**WHAT THE EXERCISE ASKS:** The records below are to be repeated in full, exactly as they are.
═════ DATA RECORDS
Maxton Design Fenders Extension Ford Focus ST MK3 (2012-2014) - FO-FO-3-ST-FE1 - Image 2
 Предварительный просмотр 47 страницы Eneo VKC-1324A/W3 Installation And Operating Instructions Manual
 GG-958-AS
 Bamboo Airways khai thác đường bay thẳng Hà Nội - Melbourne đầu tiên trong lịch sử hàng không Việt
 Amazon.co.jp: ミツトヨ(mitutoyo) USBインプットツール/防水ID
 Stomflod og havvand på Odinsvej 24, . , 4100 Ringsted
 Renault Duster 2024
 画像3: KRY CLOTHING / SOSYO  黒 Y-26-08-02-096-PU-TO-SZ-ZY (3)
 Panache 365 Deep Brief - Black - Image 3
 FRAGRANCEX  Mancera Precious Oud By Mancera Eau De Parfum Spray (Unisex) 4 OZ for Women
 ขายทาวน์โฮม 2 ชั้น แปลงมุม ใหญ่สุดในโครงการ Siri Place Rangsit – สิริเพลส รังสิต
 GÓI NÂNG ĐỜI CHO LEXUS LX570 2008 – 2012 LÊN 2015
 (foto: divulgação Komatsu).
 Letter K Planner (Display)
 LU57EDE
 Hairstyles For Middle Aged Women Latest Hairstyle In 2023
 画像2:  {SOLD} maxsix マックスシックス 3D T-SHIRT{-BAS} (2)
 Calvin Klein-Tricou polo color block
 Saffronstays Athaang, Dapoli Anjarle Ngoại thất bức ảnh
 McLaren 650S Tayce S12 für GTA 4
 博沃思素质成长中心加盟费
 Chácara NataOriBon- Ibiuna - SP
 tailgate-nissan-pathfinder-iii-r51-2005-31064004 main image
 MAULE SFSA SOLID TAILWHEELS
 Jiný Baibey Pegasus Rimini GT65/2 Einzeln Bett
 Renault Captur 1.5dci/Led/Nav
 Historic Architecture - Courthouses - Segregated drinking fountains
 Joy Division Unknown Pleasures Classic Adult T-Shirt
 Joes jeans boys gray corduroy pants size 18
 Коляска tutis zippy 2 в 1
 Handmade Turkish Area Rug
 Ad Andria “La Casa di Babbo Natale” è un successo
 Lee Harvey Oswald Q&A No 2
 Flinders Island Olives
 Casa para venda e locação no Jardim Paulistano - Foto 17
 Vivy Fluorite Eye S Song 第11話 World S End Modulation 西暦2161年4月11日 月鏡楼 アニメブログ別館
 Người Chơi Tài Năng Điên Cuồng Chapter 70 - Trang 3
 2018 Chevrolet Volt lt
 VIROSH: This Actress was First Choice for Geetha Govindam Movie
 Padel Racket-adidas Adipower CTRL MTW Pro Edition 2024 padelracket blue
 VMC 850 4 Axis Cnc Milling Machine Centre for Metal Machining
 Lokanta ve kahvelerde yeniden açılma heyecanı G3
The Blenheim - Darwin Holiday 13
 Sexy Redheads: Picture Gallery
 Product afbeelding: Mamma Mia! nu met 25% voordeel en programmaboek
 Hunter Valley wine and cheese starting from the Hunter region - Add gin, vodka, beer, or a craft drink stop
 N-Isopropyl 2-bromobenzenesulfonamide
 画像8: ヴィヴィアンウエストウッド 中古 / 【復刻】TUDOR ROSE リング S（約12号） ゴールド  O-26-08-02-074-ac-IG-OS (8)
══════════
**EXERCISE RESULT:**
Maxton Design Fenders Extension Ford Focus ST MK3 (2012-2014) - FO-FO-3-ST-FE1 - Image 2
 Предварительный просмотр 47 страницы Eneo VKC-1324A/W3 Installation And Operating Instructions Manual
 GG-958-AS
 Bamboo Airways khai thác đường bay thẳng Hà Nội - Melbourne đầu tiên trong lịch sử hàng không Việt
 Amazon.co.jp: ミツトヨ(mitutoyo) USBインプットツール/防水ID
 Stomflod og havvand på Odinsvej 24, . , 4100 Ringsted
 Renault Duster 2024
 画像3: KRY CLOTHING / SOSYO  黒 Y-26-08-02-096-PU-TO-SZ-ZY (3)
 Panache 365 Deep Brief - Black - Image 3
 FRAGRANCEX  Mancera Precious Oud By Mancera Eau De Parfum Spray (Unisex) 4 OZ for Women
 ขายทาวน์โฮม 2 ชั้น แปลงมุม ใหญ่สุดในโครงการ Siri Place Rangsit – สิริเพลส รังสิต
 GÓI NÂNG ĐỜI CHO LEXUS LX570 2008 – 2012 LÊN 2015
 (foto: divulgação Komatsu).
 Letter K Planner (Display)
 LU57EDE
 Hairstyles For Middle Aged Women Latest Hairstyle In 2023
 画像2:  {SOLD} maxsix マックスシックス 3D T-SHIRT{-BAS} (2)
 Calvin Klein-Tricou polo color block
 Saffronstays Athaang, Dapoli Anjarle Ngoại thất bức ảnh
 McLaren 650S Tayce S12 für GTA 4
 博沃思素质成长中心加盟费
 Chácara NataOriBon- Ibiuna - SP
 tailgate-nissan-pathfinder-iii-r51-2005-31064004 main image
 MAULE SFSA SOLID TAILWHEELS
 Jiný Baibey Pegasus Rimini GT65/2 Einzeln Bett
 Renault Captur 1.5dci/Led/Nav
 Historic Architecture - Courthouses - Segregated drinking fountains
 Joy Division Unknown Pleasures Classic Adult T-Shirt
 Joes jeans boys gray corduroy pants size 18
 Коляска tutis zippy 2 в 1
 Handmade Turkish Area Rug
 Ad Andria “La Casa di Babbo Natale” è un successo
 Lee Harvey Oswald Q&A No 2
 Flinders Island Olives
 Casa para venda e locação no Jardim Paulistano - Foto 17
 Vivy Fluorite Eye S Song 第11話 World S End Modulation 西暦2161年4月11日 月鏡楼 アニメブログ別館
 Người Chơi Tài Năng Điên Cuồng Chapter 70 - Trang 3
 2018 Chevrolet Volt lt
 VIROSH: This Actress was First Choice for Geetha Govindam Movie
 Padel Racket-adidas Adipower CTRL MTW Pro Edition 2024 padelracket blue
 VMC 850 4 Axis Cnc Milling Machine Centre for Metal Machining
 Lokanta ve kahvelerde yeniden açılma heyecanı G3
The Blenheim - Darwin Holiday 13
 Sexy Redheads: Picture Gallery
 Product afbeelding: Mamma Mia! nu met 25% voordeel en programmaboek
 Hunter Valley wine and cheese starting from the Hunter region - Add gin, vodka, beer, or a craft drink stop
 N-Isopropyl 2-bromobenzenesulfonamide
 画像8: ヴィヴィアンウエストウッド 中古 / 【復刻】TUDOR ROSE リング S（約12号） ゴールド  O-26-08-02-074-ac-IG-OS (8)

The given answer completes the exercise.